You are viewing a plain text version of this content. The canonical link for it is here.
Posted to user@avro.apache.org by Tarun Gupta <ta...@technogica.com> on 2012/12/24 07:30:37 UTC

Support for char[] and short[] - Java

Hi,

I am new Avro but I did some basic research regarding how do we a support
data types like Char arrays and Short arrays while defining the Avro
schema. Issue # AVRO-249 sounded somewhat relevant but its about supporting
Short using the reflection API.

We are planning to use Avro for a Java based Client Server data exchange
use case, note that our data model is expected to have "large arrays" of
Short and Char, and performance is our 'key concern'. We can't use a string
to store char[], because what we get back is different then what you put
in, because of "UTF-16 normalization".

Thanks in Advance.
Tarun Gupta

Re: Support for char[] and short[] - Java

Posted by Scott Carey <sc...@apache.org>.
You can cast both short and char safely to int and back, and use Avro's int
type.  These will be variable length integer encoded and take 1 to 3 bytes
in binary form per short/char.
This will be clunky as a user to wrap char[] or short[] into List<Integer>
or int[] however.  Another option would be to extend the reader to look for
special meta-data in the schema that indicates that an array of int is to be
interpreted as shorts or chars.

Can you give an example where a char[] converted to utf8 bytes and back
results in a loss of data?  I was under the impression that UTF-16 surrogate
pairs are converted to proper UTF-8 sequences and back to surrogate pairs.
Or, are you using char to represent something else, as a two byte unsigned
quantity where interpreting as UTF-16 causes the problem?
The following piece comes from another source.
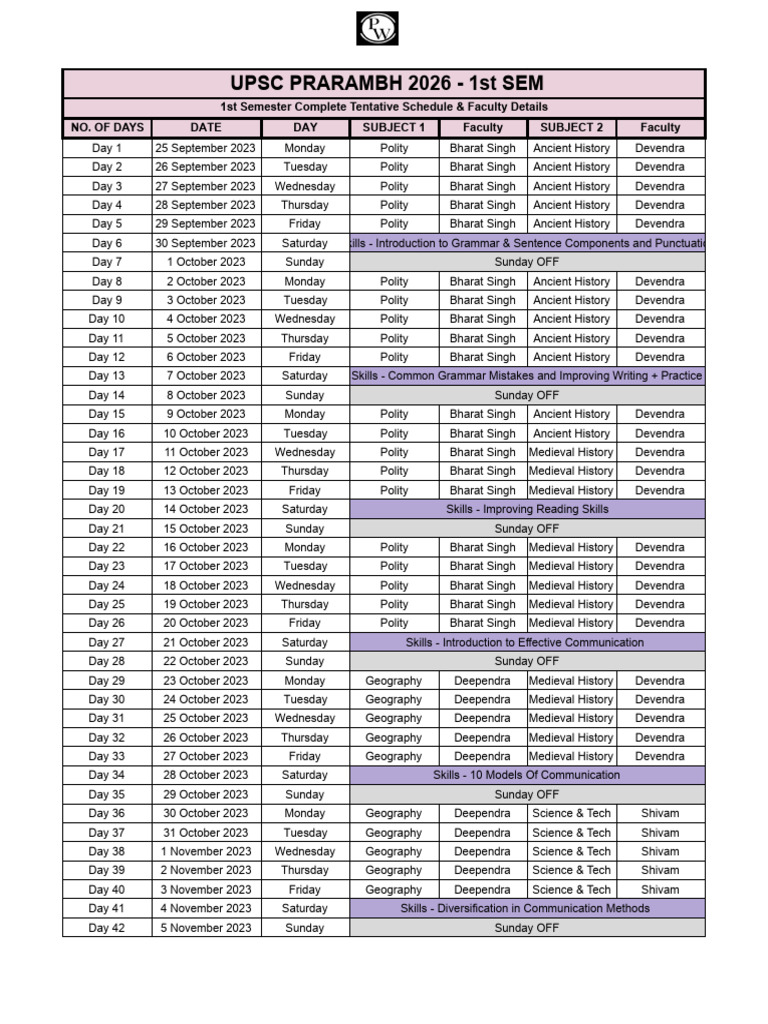 Lecture Planner UPSC Prarambh 2026 PDF Science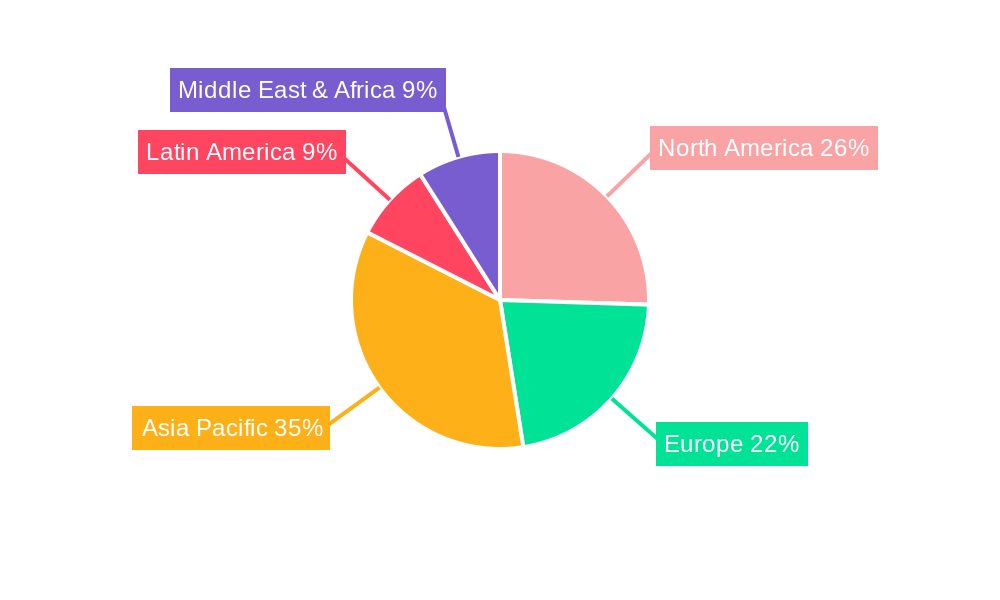 Aerial Cables Market Share by Region - Global Geographic Distribution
On 12/23/12 10:30 PM, "Tarun Gupta" <ta...@technogica.com> wrote:

> Hi, 
> 
> I am new Avro but I did some basic research regarding how do we a support data
> types like Char arrays and Short arrays while defining the Avro schema. Issue
> # AVRO-249 sounded somewhat relevant but its about supporting Short using the
> reflection API. 
> 
> We are planning to use Avro for a Java based Client Server data exchange use
> case, note that our data model is expected to have "large arrays" of Short and
> Char, and performance is our 'key concern'. We can't use a string to store
> char[], because what we get back is different then what you put in, because of
> "UTF-16 normalization".
> 
> Thanks in Advance.
> Tarun Gupta